Una de las escenas más pintorescas de Il sorpasso (Dino Risi, 1962) concierne al pasaje en que unos sacerdotes alemanes detienen el Alfa Romeo descapotable donde viajan Vittorio Gassman y Jean-Louis Trintignant. Se les ha averiado su coche, han pinchado, necesitan un gato, pero no saben cómo explicárselo a sus interlocutores. Y es entonces cuando uno de los curas decide hacerlo en latín: “Elevator nobis necesse est”.

Trintignant, que es francés, explica la problemática a Gassman, que es italiano, pero no puede satisfacer la emergencia de los religiosos. Y les responde inequívocamente: “Non habemus gato, desolatus”.

La escena es ilustrativa de la raigambre del latín en la cultura occidental. De su vigencia como argumento de comunicación. Y hasta de su valor identitario en el acervo de continente, más aún ahora que las presiones de Trump y de Putin han estimulado una suerte de reacción y de orgullo.

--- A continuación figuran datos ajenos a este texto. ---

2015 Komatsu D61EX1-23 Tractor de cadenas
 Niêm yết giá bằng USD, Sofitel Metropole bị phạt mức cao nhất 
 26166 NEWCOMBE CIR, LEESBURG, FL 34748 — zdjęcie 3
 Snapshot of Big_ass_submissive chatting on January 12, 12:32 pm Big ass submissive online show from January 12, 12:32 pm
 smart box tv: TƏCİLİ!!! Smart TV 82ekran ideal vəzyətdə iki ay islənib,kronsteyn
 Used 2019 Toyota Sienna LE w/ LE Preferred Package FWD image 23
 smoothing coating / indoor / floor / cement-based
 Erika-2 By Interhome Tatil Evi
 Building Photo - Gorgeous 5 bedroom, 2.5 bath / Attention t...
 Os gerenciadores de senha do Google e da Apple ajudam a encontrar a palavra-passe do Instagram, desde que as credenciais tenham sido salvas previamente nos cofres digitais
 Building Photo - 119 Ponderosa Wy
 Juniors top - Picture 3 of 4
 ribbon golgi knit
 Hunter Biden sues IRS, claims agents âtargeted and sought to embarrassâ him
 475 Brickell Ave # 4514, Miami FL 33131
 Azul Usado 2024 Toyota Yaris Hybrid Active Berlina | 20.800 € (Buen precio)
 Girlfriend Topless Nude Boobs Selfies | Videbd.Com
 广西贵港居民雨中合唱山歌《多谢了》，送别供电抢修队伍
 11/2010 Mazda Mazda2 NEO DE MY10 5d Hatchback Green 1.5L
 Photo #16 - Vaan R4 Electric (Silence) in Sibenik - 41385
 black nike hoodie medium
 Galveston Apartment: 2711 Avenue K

El inglés predomina sobre las demás lenguas y es la más extendida en los planes escolares. El problema es que identifica también un sabotaje, el sabotaje del Brexit. Y que podría subvertirse, hasta el extremo de convertir el latín en el idioma hegemónico de la Unión Europea. Tolerando incluso expresiones tan macarrónicas como el “desolatus” de Gassman.

La idea, la provocación, proviene de un profesor italiano, Nicola Gardini, y de la popularidad —de la fiebre— que ha adquirido en su propio país un ensayo, un libro, concebido, en realidad, sin las menores ambiciones comerciales.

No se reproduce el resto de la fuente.